EXERCISE DIRECTIONS:
Output the line containing "A duplicate poster" and each line after it through the end of the data, exactly as written, with pictures left out.
───── RECORDS ─────
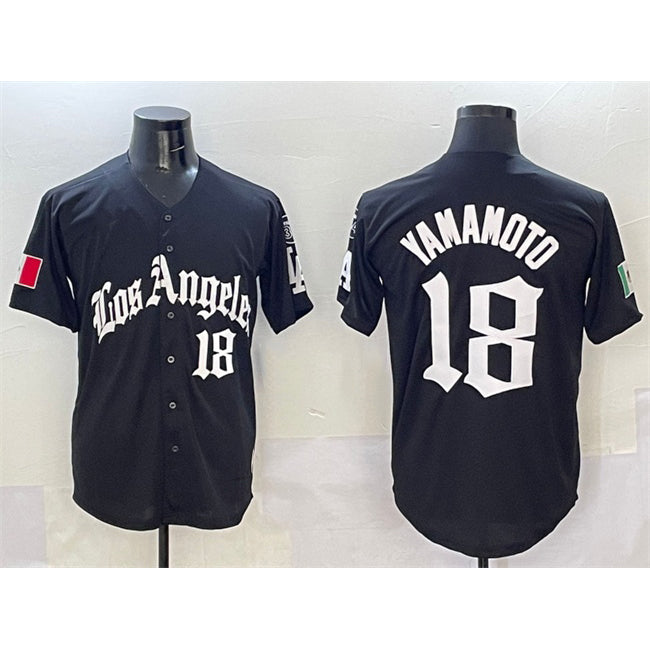 Los Angeles Dodgers #18 Yoshinobu Yamamoto Black CONTON Mexico 2025 LA Gothic Style With Fernando Patch Vapor Premier Limited Stitched Jersey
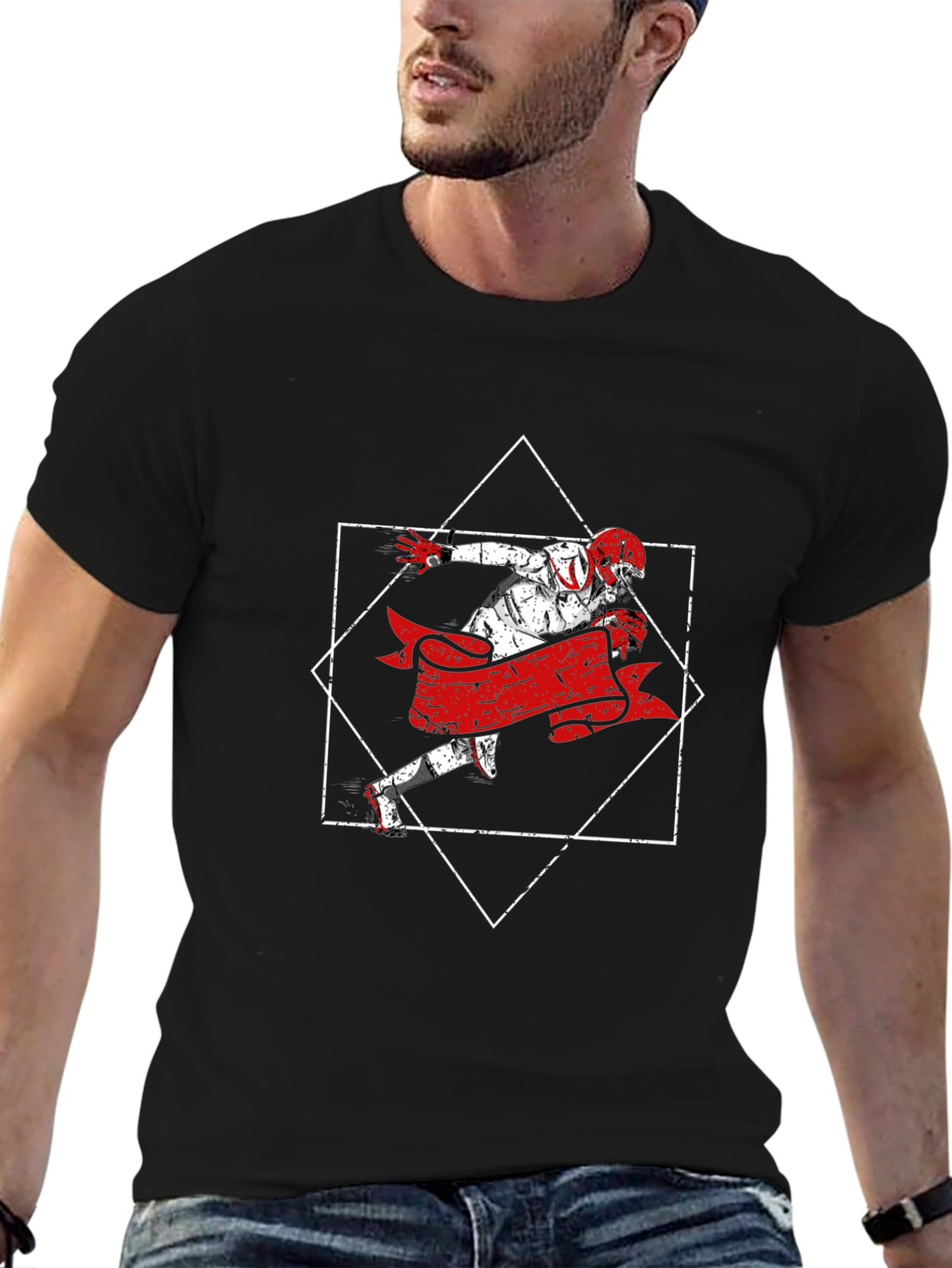 Football Player Graphic Tee - Black Cotton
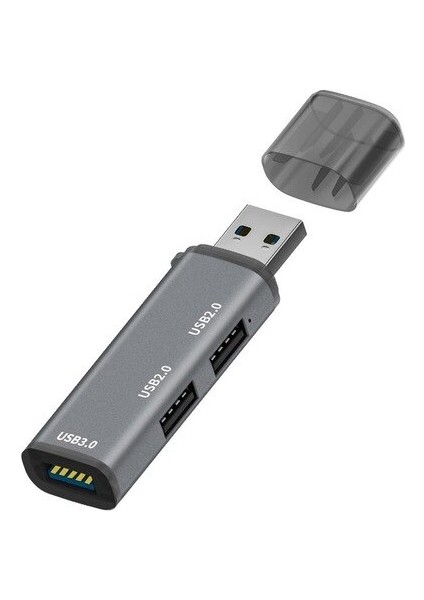 USB 3.0 3 Port Mini USB Çoklayıcı Hub 8 cm Gri Dağıtıcı Adaptör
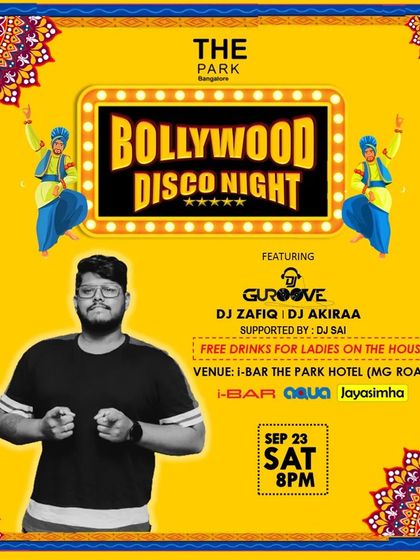A duplicate poster for the Bollywood Disco Night at I-Bar, emphasizing the event details.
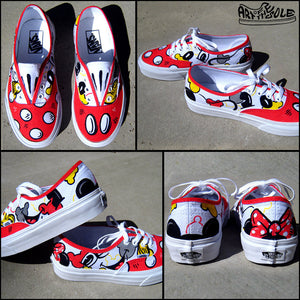 Mickey Loves Minnie Hand Painted Vans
─────
SOLUTION FOR THIS TASK:
A duplicate poster for the Bollywood Disco Night at I-Bar, emphasizing the event details.
 Mickey Loves Minnie Hand Painted Vans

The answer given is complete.